Monday, March 24, 2014

Yes You Are a Boy….

Ah the joys of little boys….
It was not long after he arrived that Mr D discovered he had an extra appendage, shall we say.  And like most boys (big and small) he found it to be a fascinating ‘toy’.  My first reaction was one of shock and dismay.  “He can’t be doing that yet!” I said to the hubby, who found the whole thing rather amusing.  “Sure he can, it feels nice.” Was his less than sympathetic response.  Eventually I came to grips (no pun intended)with the situation and just let him do what he was going to do.
About a year ago, he discovered that it had a name.  “What’s that?” he asked the hubby.    Without missing a beat he replied “It’s a  penis.”  “Peeenis” D whispered in awe….  Again, neither of us really paid any attention.  Then it started….
“Do you have a penis, Mommy?”   “No.”
“Does Wibia have a penis, Mommy?”  “No”
“Does Daddy have a penis, Mommy?” “Yes”
We carefully explained to him that boys had one and girls did not.  (Yeah – we were kind of vague on what girls have – I don’t think I am ready for that conversation or how he will end up saying it!)  For some reason this seemed to solidify things for him and instead of asking if everyone had a penis he would ask if they were a boy or a girl.  Periodically the penis question would pop up (again, no pun intended), but for the most part he seemed to leave it alone.
Of course that still didn’t mean that he wasn’t occasionally using the word.  One afternoon on our weekly trip to Wal-Mart, both kids piped up that they needed to use the potty.  As we like the idea of them being potty trained we both dutifully took a child and headed to the restrooms.
A and I finished quickly enough and were waiting for the boys.  Pretty soon they appear, and I notice the hubby has a strange smirk on his face, like he is trying hard not to laugh.  We head off to battle various Wal-Mart Demons, and I forgot about the whole thing until we hit the juice aisle.  At this point the hubby can no longer contain himself and begins giggling.  “What?” I asked, slightly annoyed that he was finding the juice aisle soooo amusing.
He then explains that while D was going bathroom, the hubby decided to go too.  Apparently D noticed this and piped up with “Daddy, you have a BIIIIG penis!” right about the time someone walked into the bathroom.  My husband was torn between being flattered and horrified…said he kept waiting for someone to call the cops on him.  I asked him what he said to D.  He said he did not have the heart to tell the little guy that it was pretty normal, especially since D seemed so impressed.  (I managed not to snort too much.)

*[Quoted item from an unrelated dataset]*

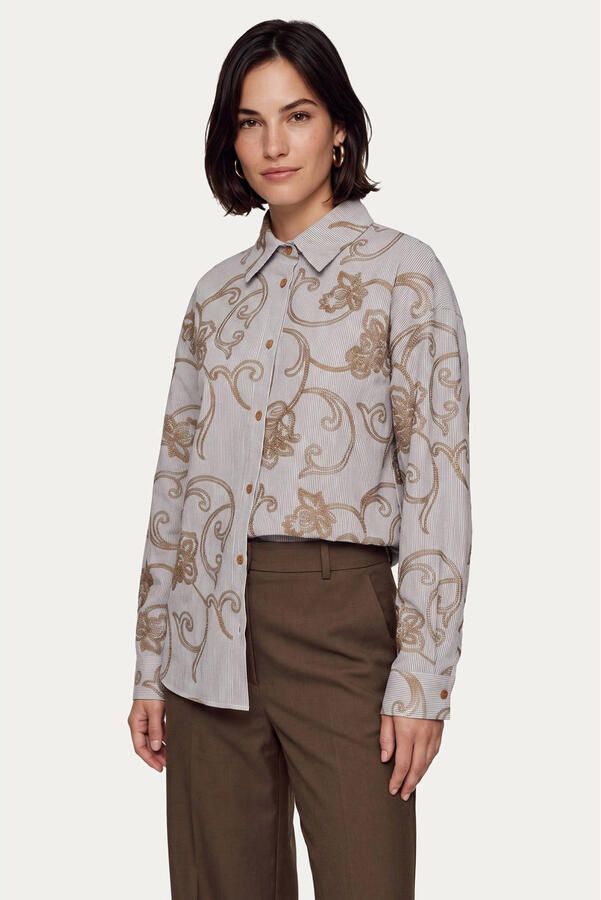 CS the Label blouse met borduursels en krijtstreep meerkleurig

Of course this gave us all a big chuckle and life went on pretty much as normal.  Last month D realized he had a birthday coming up.  For days he has mentioned “My birthday is coming” and how he wanted a Mickey Mouse cake.  Knowing full well that this would change, we just nodded and explained yes, his birthday was coming and yes, he could have a cake.  Last week he was still going on about a Mickey Mouse cake, so I dutifully borrowed a cake pan from a girl at work.  Saturday, was beautiful out so we took the kids to a park to let them run amuck.  On the way home, D started babbling on and on again about his birthday. 
“I have a birthday coming up!” 
“Yes you do,” said daddy.
“I get a cake and presents on my birthday!”
“Yes you do,” said daddy.
“What do you want for your birthday?” Daddy asked.
“I want Angry birds, Mikey Mouse, Spiderman, Superman, and a penis cake!”
Silence filled the van.  “What did he say?” whispered the hubby.  “You heard it…he wants a penis cake.” I whispered back.
Anyone got a cake pan in the shape of a penis I can borrow?